4 Diversity in Texts
In this program, the teachers talk about the importance of choosing rich texts for their students as a group or individuals, enumerating various criteria that they have developed for this initial classroom decision. Supported by commentary from Dr. Judith Langer, the group looks at the part student interests play in selecting the right text, building thematic study units using a variety of texts, and helping students select texts that meet their needs or help them go further in their experiences with literature.
5 Student Diversity
The varied viewpoints necessary for valuable class discussions are celebrated in this program. The group talks about the diversity of their students and how their interactions with literature are shaped in part by their life experiences, unique thoughts, and previous reading experiences. They examine the worth of using the lens of multiple perspectives to examine a work of literature, and offer suggestions for ways to encourage each student to contribute to the ongoing classroom conversation. Dr. Langer offers her thoughts on involving students' diverse voices in a way that honors all of their contributions.

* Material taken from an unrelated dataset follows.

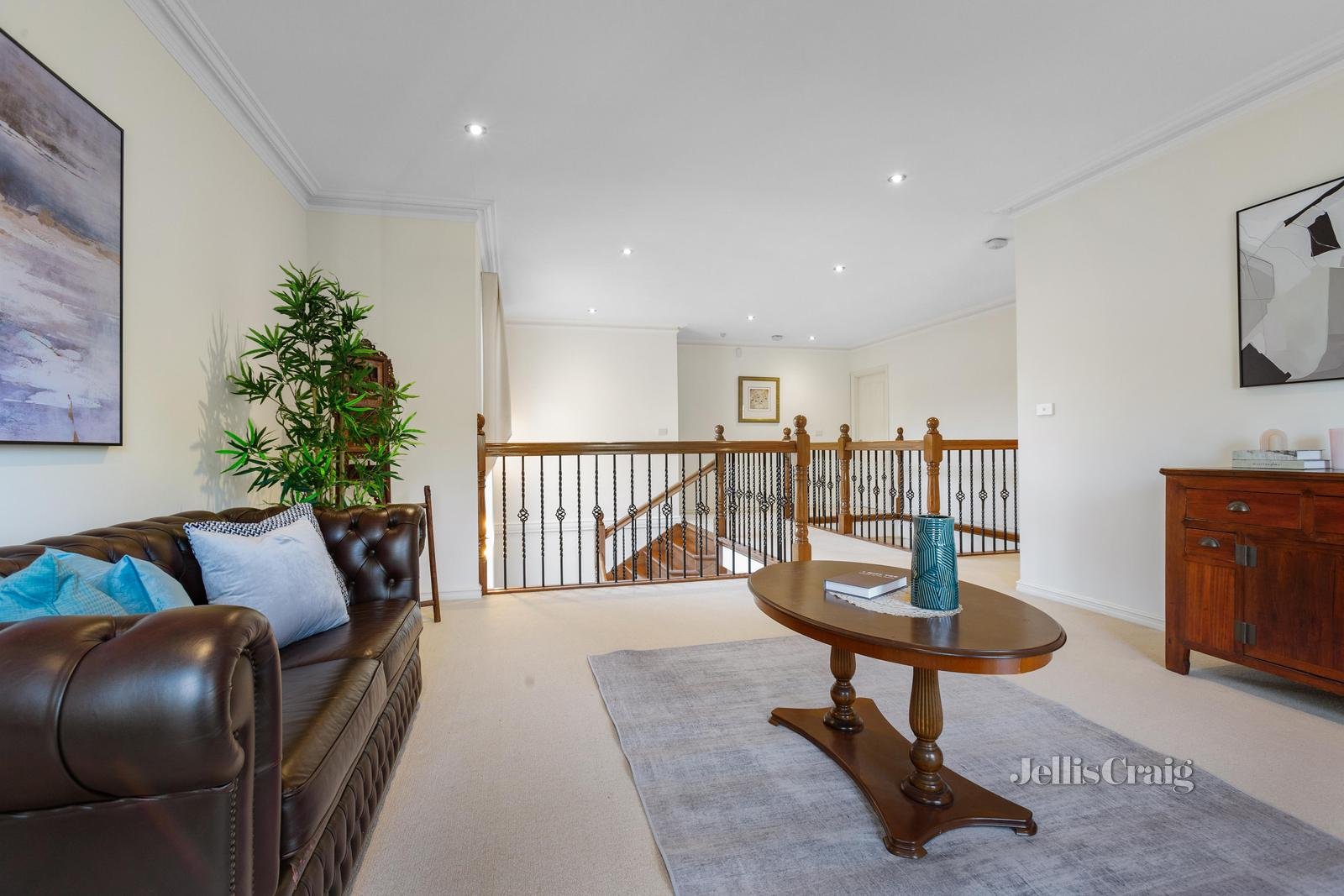 11 Falconer Street, Glen Waverley image 8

6 Literature, Art, and Other Disciplines
In this program, teachers explore various ways in which students can use the fine arts to express their impressions of a text, and why this kind of activity should be encouraged to make sure that every voice in the classroom is heard. The group also looks at ways to expand meaning by interweaving literature with social studies and other disciplines, and the value of doing so. Several classroom projects demonstrate how learners expand their growing interactions with texts as they work in the fine arts.
In a classroom where students are actively engaged in literature, there is a need to find authentic assessment vehicles that measure their progress as readers and thinkers. In this program, teachers from around the country identify useful criteria that they have used in both formal and informal ongoing assessments. The group also talks about integrating their evaluation strategies in the milieu of traditional and high–stakes assessments, while maintaining an emphasis on the individual growth of the readers in their classrooms.
8 Planning and Professional Development
In order to grow in their careers, teachers need a great deal of sustenance. In this program, the teachers talk about the ways in which they fulfill this need as they develop individually and as members of a professional community. The group invites us into their classrooms to look at the way they have grown professionally, stimulated by their peers, their membership in professional organizations, and their willingness to seek out new thinking on literature and teaching literature. Dr. Langer also describes the personal and professional benefits of an active professional life.
9 Starting in September…
The concluding program takes a close look at the ways in which teachers get ready to help their students become successful and engaged readers. During the first few days of classes, the teachers talk about everything — from the mundane to the sublime — that enters their minds as they start another year and plan for success. Dr. Langer underscores their remarks with advice for teachers who want to recreate the kinds of classrooms they have seen featured in this workshop.